Description
Klaus Neumann-Braun, University Basel: »Images and illustrative practice in youth discourse and the everyday life of young people«
Images of young people are generated by both adults and adolescents in social debates about young people. The way in which adolescents / adults perceive themselves and the images they project of others have to do with vested interests and value systems (difference between the generations). Images of young people emerge in the course of a complex process of communication and mediation between the demands of adult society, representations in the media, expert substantiation and young people’s response. Experts and the media public alike construct an image of young people which is aimed essentially at demonstrating sensitivity to social deviations, the intention being to engineer a discussion focused on the logic of prevention, which oscillates between 'negative' youth images and 'positive' images of youthfulness. In terms of discourse theory the question arises as to the correlation between youth images (power-based) and images of youthfulness (value-based).

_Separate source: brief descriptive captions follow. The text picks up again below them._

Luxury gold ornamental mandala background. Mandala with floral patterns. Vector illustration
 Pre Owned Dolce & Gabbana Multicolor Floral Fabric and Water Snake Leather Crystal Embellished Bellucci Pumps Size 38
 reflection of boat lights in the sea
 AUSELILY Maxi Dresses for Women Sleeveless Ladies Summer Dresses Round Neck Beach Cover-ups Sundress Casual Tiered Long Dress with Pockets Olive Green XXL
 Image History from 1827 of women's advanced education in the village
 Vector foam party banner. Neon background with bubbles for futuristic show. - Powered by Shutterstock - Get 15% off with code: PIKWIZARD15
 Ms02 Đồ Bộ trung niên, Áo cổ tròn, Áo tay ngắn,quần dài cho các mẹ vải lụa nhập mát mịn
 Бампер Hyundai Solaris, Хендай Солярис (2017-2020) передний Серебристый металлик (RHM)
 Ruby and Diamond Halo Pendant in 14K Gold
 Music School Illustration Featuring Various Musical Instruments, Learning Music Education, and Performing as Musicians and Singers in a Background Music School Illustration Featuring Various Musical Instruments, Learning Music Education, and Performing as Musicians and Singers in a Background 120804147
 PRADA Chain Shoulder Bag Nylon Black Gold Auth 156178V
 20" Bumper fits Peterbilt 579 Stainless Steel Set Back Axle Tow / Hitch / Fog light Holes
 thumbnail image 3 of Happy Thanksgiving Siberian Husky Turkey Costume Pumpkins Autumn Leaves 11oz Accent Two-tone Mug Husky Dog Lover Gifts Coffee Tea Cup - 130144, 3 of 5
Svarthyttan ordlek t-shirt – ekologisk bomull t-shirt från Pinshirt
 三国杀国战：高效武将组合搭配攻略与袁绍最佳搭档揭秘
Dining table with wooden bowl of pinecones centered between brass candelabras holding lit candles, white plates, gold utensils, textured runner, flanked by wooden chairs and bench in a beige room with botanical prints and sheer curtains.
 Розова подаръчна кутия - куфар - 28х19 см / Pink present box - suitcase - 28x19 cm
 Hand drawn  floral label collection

In the everyday life of young people alien images are warded off and replaced by self-images of a 'peer culture society'. Everyone can create such images themselves these days thanks to the advances made in technology (digital photography, mobile phones, Internet).
Illustrations will be given of participation in various scenes ('token' [individual image] of a 'type' [style]) as well as of self-made media productions of self-determined leisure-time activity. - Examples of image analysis provide an empirical explanation of the brief outline given here of the study, which is rooted in the sociology of science and discourse theory.